* [The task]: The listing below should be printed exactly, though its pictures must not be.

* [Data provided]:
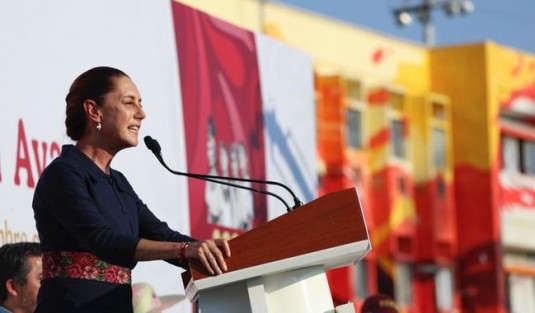 Desde Veracruz, la Presidenta Claudia Sheinbaum Pardo, destacó que entre las acciones prioritarias para esta entidad se encuentra la recuperación de la industria petroquímica de Petróleos Mexicanos (Pemex) y por ello, junto al gobierno del estado, se construye el proyecto Escolín de Poza Rica para la producción de fertilizantes.

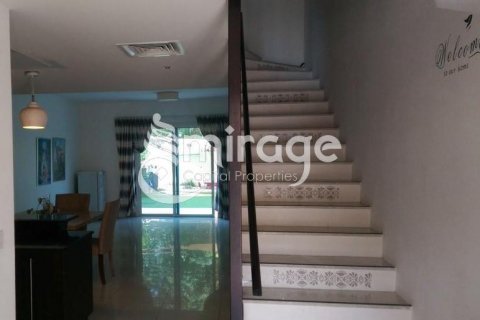 Shtëpi në qytet në Al Reef, Abu Dhabi, Emiratet e Bashkuara Arabe 3 dhoma gjumi, 174.1 m2. № 574606 - Foto 8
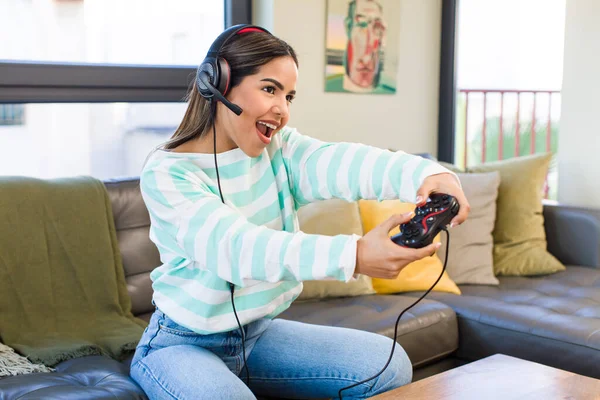 Pretty Latin Woman Playing Headset Controller Gamer Concept — Stok fotoğraf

* [Expected answer]:
 Desde Veracruz, la Presidenta Claudia Sheinbaum Pardo, destacó que entre las acciones prioritarias para esta entidad se encuentra la recuperación de la industria petroquímica de Petróleos Mexicanos (Pemex) y por ello, junto al gobierno del estado, se construye el proyecto Escolín de Poza Rica para la producción de fertilizantes.

 Shtëpi në qytet në Al Reef, Abu Dhabi, Emiratet e Bashkuara Arabe 3 dhoma gjumi, 174.1 m2. № 574606 - Foto 8
 Pretty Latin Woman Playing Headset Controller Gamer Concept — Stok fotoğraf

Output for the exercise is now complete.